* **WHAT THE TASK ASKS**: Some entries follow. Reproduce exactly the lines starting at the one with "hand, one person, indoors, copy" and stopping after the one with "Packs of plasterboard".

* **PROVIDED DATA**:
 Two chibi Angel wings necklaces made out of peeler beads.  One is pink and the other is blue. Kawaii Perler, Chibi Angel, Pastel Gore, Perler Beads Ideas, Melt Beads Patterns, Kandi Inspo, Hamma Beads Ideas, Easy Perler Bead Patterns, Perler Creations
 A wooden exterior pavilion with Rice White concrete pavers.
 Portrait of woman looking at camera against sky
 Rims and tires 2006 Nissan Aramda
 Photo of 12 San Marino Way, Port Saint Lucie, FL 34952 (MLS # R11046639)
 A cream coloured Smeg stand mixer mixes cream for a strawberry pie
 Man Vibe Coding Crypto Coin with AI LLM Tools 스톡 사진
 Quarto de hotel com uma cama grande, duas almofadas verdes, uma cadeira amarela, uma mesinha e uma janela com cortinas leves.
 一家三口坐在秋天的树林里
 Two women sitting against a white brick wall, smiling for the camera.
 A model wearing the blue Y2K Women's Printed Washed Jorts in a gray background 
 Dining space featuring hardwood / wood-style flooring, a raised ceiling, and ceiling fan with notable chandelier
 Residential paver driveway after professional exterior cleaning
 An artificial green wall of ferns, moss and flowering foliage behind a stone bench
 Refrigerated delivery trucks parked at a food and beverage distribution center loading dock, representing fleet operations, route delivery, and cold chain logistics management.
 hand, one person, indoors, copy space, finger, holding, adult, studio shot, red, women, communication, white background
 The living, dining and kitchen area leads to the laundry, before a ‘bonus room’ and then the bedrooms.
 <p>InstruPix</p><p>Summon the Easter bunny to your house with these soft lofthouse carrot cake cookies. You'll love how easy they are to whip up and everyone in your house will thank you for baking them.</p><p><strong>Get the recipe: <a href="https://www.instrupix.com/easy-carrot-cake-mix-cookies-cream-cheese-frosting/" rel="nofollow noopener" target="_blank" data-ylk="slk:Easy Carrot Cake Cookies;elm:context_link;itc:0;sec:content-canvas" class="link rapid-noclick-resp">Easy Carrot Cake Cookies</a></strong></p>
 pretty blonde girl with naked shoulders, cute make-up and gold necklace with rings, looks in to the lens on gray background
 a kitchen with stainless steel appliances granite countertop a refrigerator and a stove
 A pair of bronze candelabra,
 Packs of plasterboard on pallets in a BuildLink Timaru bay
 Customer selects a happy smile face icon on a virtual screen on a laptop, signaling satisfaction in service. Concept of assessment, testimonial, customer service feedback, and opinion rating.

* **SOLUTION TO THE PROBLEM**:
 hand, one person, indoors, copy space, finger, holding, adult, studio shot, red, women, communication, white background
 The living, dining and kitchen area leads to the laundry, before a ‘bonus room’ and then the bedrooms.
 <p>InstruPix</p><p>Summon the Easter bunny to your house with these soft lofthouse carrot cake cookies. You'll love how easy they are to whip up and everyone in your house will thank you for baking them.</p><p><strong>Get the recipe: <a href="https://www.instrupix.com/easy-carrot-cake-mix-cookies-cream-cheese-frosting/" rel="nofollow noopener" target="_blank" data-ylk="slk:Easy Carrot Cake Cookies;elm:context_link;itc:0;sec:content-canvas" class="link rapid-noclick-resp">Easy Carrot Cake Cookies</a></strong></p>
 pretty blonde girl with naked shoulders, cute make-up and gold necklace with rings, looks in to the lens on gray background
 a kitchen with stainless steel appliances granite countertop a refrigerator and a stove
 A pair of bronze candelabra,
 Packs of plasterboard on pallets in a BuildLink Timaru bay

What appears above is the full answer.